末尾ルコ「音楽の話題で、知性と感性を鍛えるレッスン」

8月はBSの歌番組に藤あや子がよく出演して愉しませていただいた。
藤あや子も現在最も成熟した聴き応え観応えある歌手=表現者の一人であり、できるだけ多く耳にした目にした一人である。
藤あや子がかつて私生活の話題でメディアを大いに賑わせたことはよく知られているが、その持って生まれたファム・ファタル的魅惑に加え、現在は30年に渡って磨き上げた歌手=パフォーマーとしての表現は絶頂期に差し掛かっていると言ってもいいだろう。
「歌」にもいろいろあるけれど、演歌の世界でよく取り上げられる「人生の苦しみ」「別れの辛さ」「苦しみの末の幸福」などといったテーマを本当に歌い上げることができるのは少なくとも40代以上、あるいは50代になってからではないかと思う。
例えば現在30代前半の丘みどり、あるいは20代後半の杜このみらが真に迫った『矢切の渡し』を歌えるかと言えば、そうはなかなかいかない。
二人とも歌い手としての才能は文句なしなのだけれど、深みや感情の機微を歌の中で表現するにはまだ足りない部分があるのだ。
しかしそれだけに歌の世界は、「磨けば磨くほど深みを増した光が生まれる」と言う点で、とても希望のある世界だとも言える。

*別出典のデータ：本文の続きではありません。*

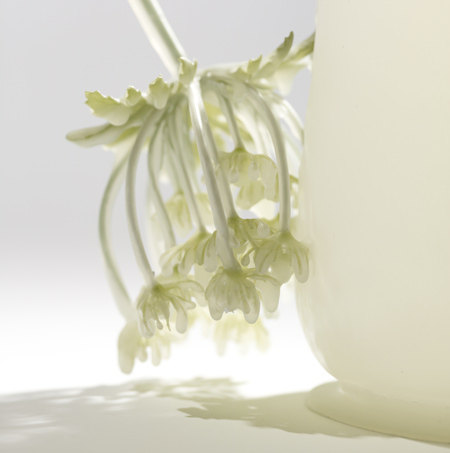 dzn_Frozen-in-Time-by-Studio-Wieki-Somers-5.jpg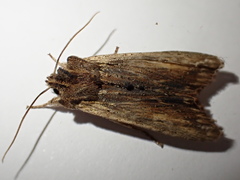 Lithophane semibrunnea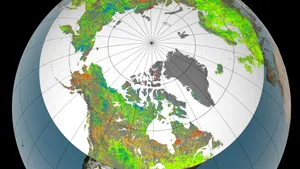 Zonele polare ale Terrei au început să înverzească. Imaginea care arată cum se schimbă anotimpurile din cauza încălzirii globale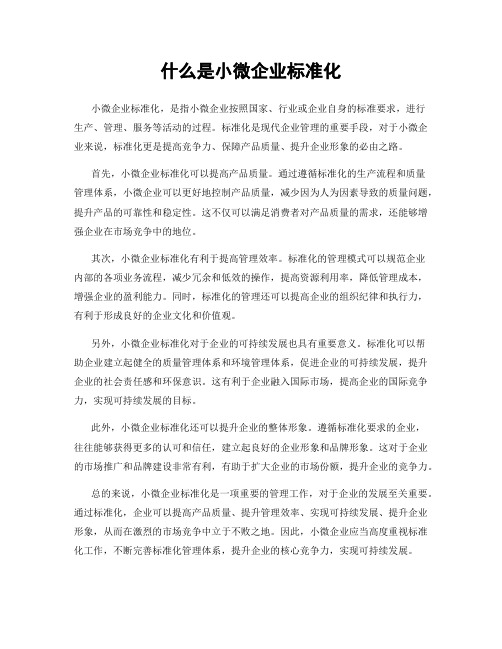 什么是小微企业标准化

藤あや子の容姿が「嫉妬を呼ぶ」ほどの美貌であるのは以前からだけれど、現在はステージングも洗練と耽美の度を加え、2,3分の歌唱の中にドラマを創り上げるほどの充実ぶりを見せている。
そう、藤あや子の表現は極めてドラマティックなのだ。
持ち歌である、「むらさき雨情」「おばこ巡礼歌」などでのちょっとした見得を切るような首の動き、虚空を見つめる視線など、他の歌手が真似しようともまず無理であろう劇的表現に達している。

そんな藤あや子がBS朝日『日本の名曲 人生、歌がある』で石原詢子とともに「蘇州夜曲」を歌ったのであるが、まさに絶品であり、現在「蘇州夜曲」を歌わせては右に出る者はいないだろうと感じさせられた。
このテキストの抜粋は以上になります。